Meta, CMU and ETU Zurich joint research: Dexterous grasping and object manipulation of simulated humanoid robots
The authors describe a method of controlling and simulating humanoids to grasp objects and move them according to their trajectory. Due to the challenges of controlling humanoid robots with dexterous hands, previous methods often used non-physical hands and only considered vertical lifts or short trajectories. This limited range hinders their suitability for the manipulation of objects required for animation and simulation. To close this gap, the authors learned a controller that can pick up a large number (greater than 1200) of objects and carry them to follow a randomly generated trajectory. The authors' main insight is to utilize humanoid motor representations to provide human-like motor skills and greatly speed up training. The authors' method uses only simple reward, state, and object representations, showing good scalability on different objects and trajectories. At the time of training, the authors did not need a paired dataset of whole-body motion and object trajectories. At the time of testing, the authors only needed the mesh of the object and the tracks needed for grabbing and transporting. To demonstrate the capabilities of the authors' method, the authors demonstrate state-of-the-art success rates in tracking object trajectories and generalizing to unseen objects. The author will publish the code and model.
1. Introduction
In today's rapid development of artificial intelligence and robotics, it is still a major challenge to enable humanoid robots to flexibly grasp and manipulate various objects. This technology is not only essential for human-computer interaction in animation and virtual/augmented reality, but is also expected to be applied in the field of real-world humanoid robots in the future.

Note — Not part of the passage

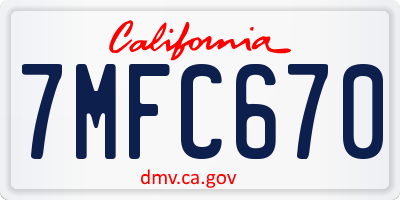 CA license plate 7MFC670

As shown in Figure 1, given a mesh of objects, the author's goal is to control a simulated humanoid robot equipped with two dexterous hands to pick up the object and move it along a reasonable trajectory. This capability can be widely applied to animation and AV/VR human-object interactions, with the potential to expand to the field of humanoid robots. However, there are many difficulties in achieving precise object manipulation with dexterous two-handed control of simulated humanoid robots:
1. Balance control: Bipedal humanoid robots need to maintain overall balance while performing delicate hand movements.
2. Flexible grip: The robot needs to be able to adapt to objects of different shapes to form a stable grip.
3. High degree of freedom control: Humanoid robots have a highly complex structure, which increases the difficulty of control.
4. Whole body coordination: Hand movements need to be coordinated with the movements of the whole body.
5. Trajectory following: Robots need to be able to move objects along a variety of complex trajectories, not just a simple vertical lift.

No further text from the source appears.